The Darjeeling Limited is the latest film from Wes Anderson, and by this stage most viewers will know exactly what to expect from it. His style has barely evolved from his debut Bottle Rocket, and The Darjeeling Limited is the same blend of stilted compositions, strained deadpan humour, and colourful production design. It's not a mixture which has ever been to my liking, and the director's over-fussy style has grown increasingly ineffective with every film since Rushmore. Still, a number of people seem to like the guy's work, and with every new picture I sit in anticipation, hoping to finally get Wes Anderson. It hasn't happened yet, but at least The Darjeeling Limited feel like a minor step in the right direction.

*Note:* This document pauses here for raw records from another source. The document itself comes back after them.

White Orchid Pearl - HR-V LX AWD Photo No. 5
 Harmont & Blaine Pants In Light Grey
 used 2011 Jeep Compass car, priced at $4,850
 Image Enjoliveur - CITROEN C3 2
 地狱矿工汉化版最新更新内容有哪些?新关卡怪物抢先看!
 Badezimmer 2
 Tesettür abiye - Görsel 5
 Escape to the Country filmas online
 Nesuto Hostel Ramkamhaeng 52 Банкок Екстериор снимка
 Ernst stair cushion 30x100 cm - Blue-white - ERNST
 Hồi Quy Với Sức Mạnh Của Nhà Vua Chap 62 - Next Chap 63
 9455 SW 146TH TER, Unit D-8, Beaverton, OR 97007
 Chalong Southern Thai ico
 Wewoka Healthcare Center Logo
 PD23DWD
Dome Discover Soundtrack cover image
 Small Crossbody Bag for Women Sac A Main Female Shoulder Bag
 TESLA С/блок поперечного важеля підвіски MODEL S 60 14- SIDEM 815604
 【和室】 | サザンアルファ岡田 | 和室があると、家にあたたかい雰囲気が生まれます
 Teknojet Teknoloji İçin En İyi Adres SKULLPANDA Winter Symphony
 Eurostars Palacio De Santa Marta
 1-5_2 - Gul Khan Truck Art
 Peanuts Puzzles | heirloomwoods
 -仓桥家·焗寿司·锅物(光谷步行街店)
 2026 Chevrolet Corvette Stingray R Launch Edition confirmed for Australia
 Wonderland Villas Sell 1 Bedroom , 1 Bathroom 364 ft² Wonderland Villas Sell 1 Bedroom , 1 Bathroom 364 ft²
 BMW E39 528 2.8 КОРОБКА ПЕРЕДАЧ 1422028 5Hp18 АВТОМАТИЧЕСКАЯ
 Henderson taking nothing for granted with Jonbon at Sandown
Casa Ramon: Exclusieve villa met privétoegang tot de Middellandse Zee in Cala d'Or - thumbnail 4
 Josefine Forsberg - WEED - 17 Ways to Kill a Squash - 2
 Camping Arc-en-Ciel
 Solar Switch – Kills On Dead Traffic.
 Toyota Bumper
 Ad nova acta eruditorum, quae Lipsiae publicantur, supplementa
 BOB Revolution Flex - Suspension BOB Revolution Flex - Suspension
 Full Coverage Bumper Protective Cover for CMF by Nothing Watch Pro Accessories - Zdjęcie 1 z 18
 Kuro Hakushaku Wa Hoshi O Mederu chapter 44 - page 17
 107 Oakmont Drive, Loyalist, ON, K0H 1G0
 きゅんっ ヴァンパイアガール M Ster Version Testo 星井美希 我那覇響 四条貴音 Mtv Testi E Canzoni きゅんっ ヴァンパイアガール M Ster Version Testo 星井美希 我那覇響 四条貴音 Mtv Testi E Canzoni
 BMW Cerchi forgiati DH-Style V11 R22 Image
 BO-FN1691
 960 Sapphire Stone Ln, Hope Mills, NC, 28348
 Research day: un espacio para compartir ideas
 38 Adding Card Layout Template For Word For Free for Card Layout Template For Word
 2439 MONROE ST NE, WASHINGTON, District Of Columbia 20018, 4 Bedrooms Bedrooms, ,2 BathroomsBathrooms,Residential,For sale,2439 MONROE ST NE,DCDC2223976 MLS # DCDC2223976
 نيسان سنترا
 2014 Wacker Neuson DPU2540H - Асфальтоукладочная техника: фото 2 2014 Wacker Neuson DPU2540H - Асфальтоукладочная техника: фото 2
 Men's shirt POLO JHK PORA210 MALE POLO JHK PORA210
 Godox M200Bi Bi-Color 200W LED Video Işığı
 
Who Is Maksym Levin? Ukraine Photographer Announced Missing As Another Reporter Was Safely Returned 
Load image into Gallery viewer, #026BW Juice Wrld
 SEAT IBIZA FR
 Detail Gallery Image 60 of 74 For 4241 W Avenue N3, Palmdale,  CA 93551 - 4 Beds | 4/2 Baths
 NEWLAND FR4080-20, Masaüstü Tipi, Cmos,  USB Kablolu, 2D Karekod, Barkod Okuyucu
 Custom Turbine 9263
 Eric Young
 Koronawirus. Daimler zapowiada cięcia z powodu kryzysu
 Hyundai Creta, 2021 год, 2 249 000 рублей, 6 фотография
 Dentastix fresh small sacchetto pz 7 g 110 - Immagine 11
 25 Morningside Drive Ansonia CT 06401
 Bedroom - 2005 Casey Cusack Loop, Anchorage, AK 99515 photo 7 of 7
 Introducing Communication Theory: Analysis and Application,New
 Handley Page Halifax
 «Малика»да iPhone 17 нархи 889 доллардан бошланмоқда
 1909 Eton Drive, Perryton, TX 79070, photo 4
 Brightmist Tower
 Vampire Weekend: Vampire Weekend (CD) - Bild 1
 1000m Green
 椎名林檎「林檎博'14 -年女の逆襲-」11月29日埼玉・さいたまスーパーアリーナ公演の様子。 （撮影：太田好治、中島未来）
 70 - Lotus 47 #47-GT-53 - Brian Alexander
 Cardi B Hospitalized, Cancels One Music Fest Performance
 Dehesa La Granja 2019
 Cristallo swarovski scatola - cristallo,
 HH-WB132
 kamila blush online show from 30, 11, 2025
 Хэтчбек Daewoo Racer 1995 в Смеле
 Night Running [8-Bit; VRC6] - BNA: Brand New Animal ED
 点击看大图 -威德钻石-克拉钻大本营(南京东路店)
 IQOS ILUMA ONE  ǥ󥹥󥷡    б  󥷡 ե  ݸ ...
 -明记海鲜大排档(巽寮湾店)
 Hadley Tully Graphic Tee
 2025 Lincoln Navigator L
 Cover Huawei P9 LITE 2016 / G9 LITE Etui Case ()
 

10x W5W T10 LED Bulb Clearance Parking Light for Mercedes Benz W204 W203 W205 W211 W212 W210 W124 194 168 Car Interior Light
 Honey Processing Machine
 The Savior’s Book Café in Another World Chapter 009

It's a slight but enjoyable little film, and it serves as a handy prologue to The Darjeeling Limited, with Schwartzman playing the same character in the film, and making a number of references to his Paris experience. Jack is one of three brothers taking a train journey through India, a trip has been organised by Francis (Owen Wilson), in order to reunite him with Jack and Peter (Adrien Brody) for the first time since their father's funeral one year earlier. Francis wants this to be a "spiritual journey", but he has planned every step of it in ridiculously minute detail, even bringing an assistant (Wally Wolodarsky) along to produce laminated itineraries for the brothers every morning. It's tempting to view this characterisation as a sly self-commentary from Anderson on his own directorial style, with Francis squeezing the life out of the brothers' experience through his overzealous pre-planning.
That's the viewer projecting extra dimensions onto the character though, and as written they have little depth, each being given a couple of affectations and props in lieu of proper development. Francis is heavily bandaged after a motorcycle crash, Jack has a droopy moustache and spends the whole film barefoot without anyone seeming to notice, and Peter wears his late father's sunglasses despite the prescription lenses – even Francis' assistant is distinguished more by his alopecia than anything else. The actors don't bring a great deal of substance to their roles – although Brody gives the best performance of the three – and they aren't helped by Anderson's curiously standoffish direction. He's always keeping the characters at arm's length, never allowing us to get close enough to share in their emotions; and his writing is often both trite ("I guess I've still got a lot of healing to do" says the scarred Wilson after removing his bandages) and overly literal (the brothers have to discard their emotional luggage by, you know, discarding their luggage).
There are pleasures to be found in The Darjeeling Limited, though, and many of them are the result of Anderson's decision to set his film in India. The director has a good feel for the atmosphere of the country, and his work here is a little fresher and looser than it has been in the past, with a trip to a small Indian village providing The Darjeeling Limited with its only note of real emotion. It occurs when the brothers come across a tragic incident in which a local boy is killed, despite their attempts to stage a rescue, and they are invited to his home in order to attend his funeral. Anderson directs this sequence with admirable sensitivity, and he is aided by an astonishing wordless performance from the great Indian actor Irrfan Khan as the boy's grieving father. Anderson's depiction of his host country's society and culture isn't always as finely handled (would an Indian girl really fuck a stranger on a train as easily as one does here?), but this central vignette alone is classy and touching, and it caught me by surprise.
After that, the brothers' reunion with their estranged mother (Angelica Huston) doesn't give The Darjeeling Limited much of a climax, and while the late train carriage montage is a superb set-piece, I once again left a Wes Anderson picture feeling like I should be getting more from it. At 91 minutes The Darjeeling Limited never has time to be dull, and it's certainly a major improvement on the bloated The Life Aquatic, but Anderson's visual vocabulary remains infuriatingly limited. He continually resorts to the same slow-motion tracking shots, whip-pans and close-ups of the three main characters staring into the camera, and it's all set to the usual medley of 60's pop songs. Wes Anderson is unlikely to advance as a filmmaker until he starts to shed some of these stylistic tricks, or at least until he learns to adapt them so they don't feel so cripplingly routine. Then, perhaps, he'll finally make a film in which the substance matches the style, and hopefully I'll finally be able to see what others have seen in this intriguing but continually frustrating director.